Alle spalle della piazza si alza il monte Avila, che per la sua altezza
svolge una funzione di orientamento per chiunque non conosca Caracas.
La piazza si chiama Francia, ma è comunemente conosciuta come Altamira.
Costituisce il fulcro di Chacao, il municipio più ricco di Caracas,
dove ci sono le maggiori entrate fiscali, dove le strade sono ordinate
e dove il colore della pelle delle persone è tendenzialmente sul
bianco… Il sindaco di Chacao si chiama Leopoldo Lopez e, con il suo
movimento Primero justicia, è uno dei leader emergenti dell’opposizione
venezuelana.
La piazza Altamira è diventata famosa in tempi recenti.
Tutta circondata da palazzi modei e posta in leggera salita, negli
ultimi due anni essa si è trasformata in una sorta di santuario del
movimento che si oppone al presidente Hugo Chávez. In senso simbolico,
ma anche effettivo.
Sotto l’obelisco che sta al centro della
piazza è stato eretto una specie di altare con una grande statua della
Madonna e sotto di essa altre di dimensioni minori. Attoo grandi
casse acustiche, microfoni, un palco per le riprese televisive, un
orologio che scandisce ore e minuti trascorsi dall’inizio
dell’occupazione della piazza. E ancora striscioni contro Chávez
(«rinuncia subito ») e in favore del generale Martinez; cartelli con il
sito internet e il numero di conto corrente bancario dei «militari
democratici». Il tutto è infiocchettato da drappi gialli, azzurri,
rossi, i colori del Venezuela.
Stiamo per scattare qualche foto,
quando alcune persone si avvicinano per consigliarci di andare a
chiedere il permesso. «Il permesso?» chiediamo stupiti.

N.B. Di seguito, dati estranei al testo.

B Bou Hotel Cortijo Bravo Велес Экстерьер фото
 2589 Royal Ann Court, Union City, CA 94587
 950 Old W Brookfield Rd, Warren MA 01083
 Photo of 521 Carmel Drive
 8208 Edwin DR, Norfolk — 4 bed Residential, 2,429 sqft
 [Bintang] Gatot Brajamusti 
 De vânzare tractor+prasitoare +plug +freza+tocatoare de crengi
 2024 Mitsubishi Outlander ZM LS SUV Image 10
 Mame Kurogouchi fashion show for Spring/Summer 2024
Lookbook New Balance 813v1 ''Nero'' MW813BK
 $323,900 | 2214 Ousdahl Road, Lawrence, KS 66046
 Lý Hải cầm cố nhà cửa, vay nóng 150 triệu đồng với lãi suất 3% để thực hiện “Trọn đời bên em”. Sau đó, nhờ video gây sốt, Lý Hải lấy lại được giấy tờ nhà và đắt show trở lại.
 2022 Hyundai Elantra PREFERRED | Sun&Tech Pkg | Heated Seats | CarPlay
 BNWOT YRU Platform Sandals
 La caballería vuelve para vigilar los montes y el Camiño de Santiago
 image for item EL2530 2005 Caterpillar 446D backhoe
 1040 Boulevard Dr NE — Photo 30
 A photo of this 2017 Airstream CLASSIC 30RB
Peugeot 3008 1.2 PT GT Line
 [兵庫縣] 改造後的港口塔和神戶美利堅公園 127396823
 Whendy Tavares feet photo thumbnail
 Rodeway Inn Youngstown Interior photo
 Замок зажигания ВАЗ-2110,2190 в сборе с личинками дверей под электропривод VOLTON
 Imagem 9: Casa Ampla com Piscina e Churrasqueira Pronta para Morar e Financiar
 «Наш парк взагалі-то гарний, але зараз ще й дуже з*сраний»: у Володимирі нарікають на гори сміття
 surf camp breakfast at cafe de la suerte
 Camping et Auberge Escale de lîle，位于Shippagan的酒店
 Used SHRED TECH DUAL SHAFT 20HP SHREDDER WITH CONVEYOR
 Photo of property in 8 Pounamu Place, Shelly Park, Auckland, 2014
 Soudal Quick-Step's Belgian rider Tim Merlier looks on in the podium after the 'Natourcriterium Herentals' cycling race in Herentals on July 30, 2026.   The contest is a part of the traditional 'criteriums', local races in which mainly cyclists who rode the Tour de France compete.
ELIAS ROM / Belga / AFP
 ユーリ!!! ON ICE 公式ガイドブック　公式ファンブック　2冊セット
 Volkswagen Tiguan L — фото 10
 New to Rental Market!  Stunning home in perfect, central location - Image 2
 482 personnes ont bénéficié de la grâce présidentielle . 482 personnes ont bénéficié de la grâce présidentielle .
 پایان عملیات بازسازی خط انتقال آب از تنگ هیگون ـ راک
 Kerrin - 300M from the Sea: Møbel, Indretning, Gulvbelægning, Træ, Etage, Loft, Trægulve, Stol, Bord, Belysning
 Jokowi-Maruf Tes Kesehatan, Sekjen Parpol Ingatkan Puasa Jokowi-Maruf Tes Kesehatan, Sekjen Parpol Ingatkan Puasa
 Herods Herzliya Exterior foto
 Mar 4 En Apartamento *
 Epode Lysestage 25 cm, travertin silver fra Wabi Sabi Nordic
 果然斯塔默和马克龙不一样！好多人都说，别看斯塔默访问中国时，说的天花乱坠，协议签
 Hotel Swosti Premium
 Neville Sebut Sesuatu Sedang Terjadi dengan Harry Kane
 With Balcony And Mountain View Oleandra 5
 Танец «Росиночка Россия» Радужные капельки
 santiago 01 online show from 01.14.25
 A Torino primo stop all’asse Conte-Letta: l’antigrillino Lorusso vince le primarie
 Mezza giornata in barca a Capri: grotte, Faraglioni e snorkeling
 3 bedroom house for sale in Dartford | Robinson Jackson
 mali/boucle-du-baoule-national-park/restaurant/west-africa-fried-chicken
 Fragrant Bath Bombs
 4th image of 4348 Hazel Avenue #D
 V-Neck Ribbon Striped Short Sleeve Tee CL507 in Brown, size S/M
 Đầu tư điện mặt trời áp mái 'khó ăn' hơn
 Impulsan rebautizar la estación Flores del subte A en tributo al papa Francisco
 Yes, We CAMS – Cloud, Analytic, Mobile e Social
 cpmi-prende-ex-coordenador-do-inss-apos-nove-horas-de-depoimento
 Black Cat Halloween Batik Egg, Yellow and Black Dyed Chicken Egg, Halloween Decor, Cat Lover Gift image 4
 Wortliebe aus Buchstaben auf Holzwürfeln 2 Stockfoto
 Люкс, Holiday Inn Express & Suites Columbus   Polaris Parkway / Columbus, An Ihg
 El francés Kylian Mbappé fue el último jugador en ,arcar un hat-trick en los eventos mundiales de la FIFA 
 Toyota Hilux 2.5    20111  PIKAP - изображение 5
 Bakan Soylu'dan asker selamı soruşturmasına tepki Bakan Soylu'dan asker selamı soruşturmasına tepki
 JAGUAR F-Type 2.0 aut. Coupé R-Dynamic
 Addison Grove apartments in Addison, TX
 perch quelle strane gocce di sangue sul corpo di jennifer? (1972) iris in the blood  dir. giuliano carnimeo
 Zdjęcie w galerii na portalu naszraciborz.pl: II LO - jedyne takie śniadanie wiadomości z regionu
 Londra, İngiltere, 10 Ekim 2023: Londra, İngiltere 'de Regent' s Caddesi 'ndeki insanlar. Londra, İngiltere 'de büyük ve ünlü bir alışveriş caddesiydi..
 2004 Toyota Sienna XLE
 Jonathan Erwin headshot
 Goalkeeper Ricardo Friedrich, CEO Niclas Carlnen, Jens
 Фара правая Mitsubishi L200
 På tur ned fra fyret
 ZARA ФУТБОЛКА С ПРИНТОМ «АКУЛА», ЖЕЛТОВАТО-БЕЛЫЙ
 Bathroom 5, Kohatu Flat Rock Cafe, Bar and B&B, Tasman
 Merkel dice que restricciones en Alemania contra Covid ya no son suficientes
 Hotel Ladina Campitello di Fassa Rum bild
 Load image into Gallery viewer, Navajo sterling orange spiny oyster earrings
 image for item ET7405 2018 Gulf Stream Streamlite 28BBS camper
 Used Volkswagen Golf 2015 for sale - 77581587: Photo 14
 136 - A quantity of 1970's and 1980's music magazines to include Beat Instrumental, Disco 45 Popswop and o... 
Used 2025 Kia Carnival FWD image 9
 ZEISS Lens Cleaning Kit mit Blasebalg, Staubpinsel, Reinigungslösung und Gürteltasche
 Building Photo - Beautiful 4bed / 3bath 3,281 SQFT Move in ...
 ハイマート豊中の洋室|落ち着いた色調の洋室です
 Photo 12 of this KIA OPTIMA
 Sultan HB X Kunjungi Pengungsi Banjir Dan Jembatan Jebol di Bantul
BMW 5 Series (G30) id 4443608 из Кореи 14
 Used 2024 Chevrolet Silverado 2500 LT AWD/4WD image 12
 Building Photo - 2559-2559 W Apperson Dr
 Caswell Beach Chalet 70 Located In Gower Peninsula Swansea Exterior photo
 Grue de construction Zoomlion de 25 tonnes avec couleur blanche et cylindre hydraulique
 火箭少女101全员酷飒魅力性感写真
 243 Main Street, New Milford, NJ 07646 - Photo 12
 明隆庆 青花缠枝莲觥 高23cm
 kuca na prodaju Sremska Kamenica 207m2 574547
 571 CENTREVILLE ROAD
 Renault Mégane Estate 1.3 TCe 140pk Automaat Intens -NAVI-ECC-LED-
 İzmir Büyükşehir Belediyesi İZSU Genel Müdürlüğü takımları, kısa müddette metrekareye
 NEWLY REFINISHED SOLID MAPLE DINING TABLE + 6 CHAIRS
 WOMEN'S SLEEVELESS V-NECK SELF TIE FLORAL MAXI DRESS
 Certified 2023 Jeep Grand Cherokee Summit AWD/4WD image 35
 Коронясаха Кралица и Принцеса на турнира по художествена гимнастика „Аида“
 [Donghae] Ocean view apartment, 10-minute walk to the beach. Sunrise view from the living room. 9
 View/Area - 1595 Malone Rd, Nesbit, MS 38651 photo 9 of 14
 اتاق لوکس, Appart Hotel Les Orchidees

– È meglio. Potrebbero confondervi per spie chaviste.
– E a chi dovremmo chiedere questo permesso?
– Entrate nell’hotel.
L’hotel è il «Four Seasons», moderno e mai entrato in funzione. Da mesi
divenuto una sorta di quartier generale dell’opposizione e, in
particolare, degli ufficiali che hanno lasciato Chávez. Sono qui dallo
scorso 22 ottobre e con una buona dose di enfasi hanno dichiarato
piazza Altamira «territorio liberato». Alcune persone ci indirizzano
dal generale. Con un basco sulla testa rasata a zero e un giubbotto
antiproiettile che sbuca dalla giacca d’ordinanza carica di lustrini
militari, l’ufficiale non può passare inosservato neppure agli occhi di
persone totalmente estranee al mondo militare. Dimentichiamo subito il
motivo per cui siamo entrati. L’occasione è troppo ghiotta: chiediamo
di avere una breve intervista. Ci dice di aspettare un attimo. Ritorna
dopo pochi minuti, impettito come si conviene a un generale, stringendo
tra le mani il bastone del comando.
Generale, cominciamo con una breve autopresentazione.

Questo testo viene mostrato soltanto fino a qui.